Data extract.
****************************************
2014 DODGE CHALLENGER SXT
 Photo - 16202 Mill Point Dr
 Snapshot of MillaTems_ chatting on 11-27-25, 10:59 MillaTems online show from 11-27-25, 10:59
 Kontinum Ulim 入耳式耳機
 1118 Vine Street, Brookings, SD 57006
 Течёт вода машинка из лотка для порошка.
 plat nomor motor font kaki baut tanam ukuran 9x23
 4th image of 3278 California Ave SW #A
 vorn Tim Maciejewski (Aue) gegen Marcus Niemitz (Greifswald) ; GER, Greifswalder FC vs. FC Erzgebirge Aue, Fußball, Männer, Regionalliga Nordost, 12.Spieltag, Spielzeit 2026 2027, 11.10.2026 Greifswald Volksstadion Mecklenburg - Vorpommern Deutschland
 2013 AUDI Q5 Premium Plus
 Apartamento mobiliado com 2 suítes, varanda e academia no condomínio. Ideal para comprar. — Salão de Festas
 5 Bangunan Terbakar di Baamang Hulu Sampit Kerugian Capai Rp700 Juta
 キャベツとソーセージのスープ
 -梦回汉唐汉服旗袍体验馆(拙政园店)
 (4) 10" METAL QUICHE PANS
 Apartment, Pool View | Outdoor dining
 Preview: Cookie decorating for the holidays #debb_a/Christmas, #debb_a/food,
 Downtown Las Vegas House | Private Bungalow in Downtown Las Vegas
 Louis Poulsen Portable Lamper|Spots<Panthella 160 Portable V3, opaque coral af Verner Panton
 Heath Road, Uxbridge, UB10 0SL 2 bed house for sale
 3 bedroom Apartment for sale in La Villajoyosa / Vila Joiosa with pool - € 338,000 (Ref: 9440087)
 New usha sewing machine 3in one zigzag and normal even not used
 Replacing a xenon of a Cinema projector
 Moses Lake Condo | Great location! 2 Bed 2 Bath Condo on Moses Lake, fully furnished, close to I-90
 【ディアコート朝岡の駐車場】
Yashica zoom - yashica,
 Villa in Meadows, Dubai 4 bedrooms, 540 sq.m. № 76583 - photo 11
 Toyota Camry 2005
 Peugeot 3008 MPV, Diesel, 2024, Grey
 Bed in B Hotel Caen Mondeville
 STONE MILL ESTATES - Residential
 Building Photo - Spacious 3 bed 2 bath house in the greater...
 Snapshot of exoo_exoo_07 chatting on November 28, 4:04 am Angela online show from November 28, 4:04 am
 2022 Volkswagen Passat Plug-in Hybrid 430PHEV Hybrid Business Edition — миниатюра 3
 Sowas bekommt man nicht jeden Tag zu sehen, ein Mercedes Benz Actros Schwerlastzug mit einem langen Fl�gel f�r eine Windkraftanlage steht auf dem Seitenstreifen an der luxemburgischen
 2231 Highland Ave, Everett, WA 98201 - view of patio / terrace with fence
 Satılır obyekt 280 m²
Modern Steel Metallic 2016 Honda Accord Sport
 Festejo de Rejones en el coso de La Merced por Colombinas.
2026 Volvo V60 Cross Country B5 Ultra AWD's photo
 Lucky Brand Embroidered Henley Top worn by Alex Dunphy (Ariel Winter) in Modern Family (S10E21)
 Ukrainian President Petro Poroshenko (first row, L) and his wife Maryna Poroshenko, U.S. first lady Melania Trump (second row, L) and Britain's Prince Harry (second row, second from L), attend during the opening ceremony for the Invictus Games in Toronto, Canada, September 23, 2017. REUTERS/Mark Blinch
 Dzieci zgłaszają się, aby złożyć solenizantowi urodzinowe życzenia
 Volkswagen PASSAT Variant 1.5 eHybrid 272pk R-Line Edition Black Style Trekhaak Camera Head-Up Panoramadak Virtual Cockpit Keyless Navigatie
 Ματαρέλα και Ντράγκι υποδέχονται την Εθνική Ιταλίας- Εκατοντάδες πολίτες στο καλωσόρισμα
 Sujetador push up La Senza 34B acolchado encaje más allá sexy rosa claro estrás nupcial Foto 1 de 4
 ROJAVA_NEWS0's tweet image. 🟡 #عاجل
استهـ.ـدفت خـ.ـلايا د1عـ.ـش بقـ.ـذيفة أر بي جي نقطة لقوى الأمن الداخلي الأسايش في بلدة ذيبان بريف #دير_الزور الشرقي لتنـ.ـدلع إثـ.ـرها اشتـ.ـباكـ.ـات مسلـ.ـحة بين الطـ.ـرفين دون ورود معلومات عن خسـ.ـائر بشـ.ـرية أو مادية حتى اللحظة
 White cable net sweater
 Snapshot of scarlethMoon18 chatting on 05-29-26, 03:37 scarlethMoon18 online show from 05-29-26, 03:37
****************************************
Work order. Repeat, word for word, the lines above between the line holding "Apartment, Pool View | Outdoor dining" and the line holding "Replacing a xenon of a Cinema projector", inclusive; omit everything else.

Expected output.
 Apartment, Pool View | Outdoor dining
 Preview: Cookie decorating for the holidays #debb_a/Christmas, #debb_a/food,
 Downtown Las Vegas House | Private Bungalow in Downtown Las Vegas
 Louis Poulsen Portable Lamper|Spots<Panthella 160 Portable V3, opaque coral af Verner Panton
 Heath Road, Uxbridge, UB10 0SL 2 bed house for sale
 3 bedroom Apartment for sale in La Villajoyosa / Vila Joiosa with pool - € 338,000 (Ref: 9440087)
 New usha sewing machine 3in one zigzag and normal even not used
 Replacing a xenon of a Cinema projector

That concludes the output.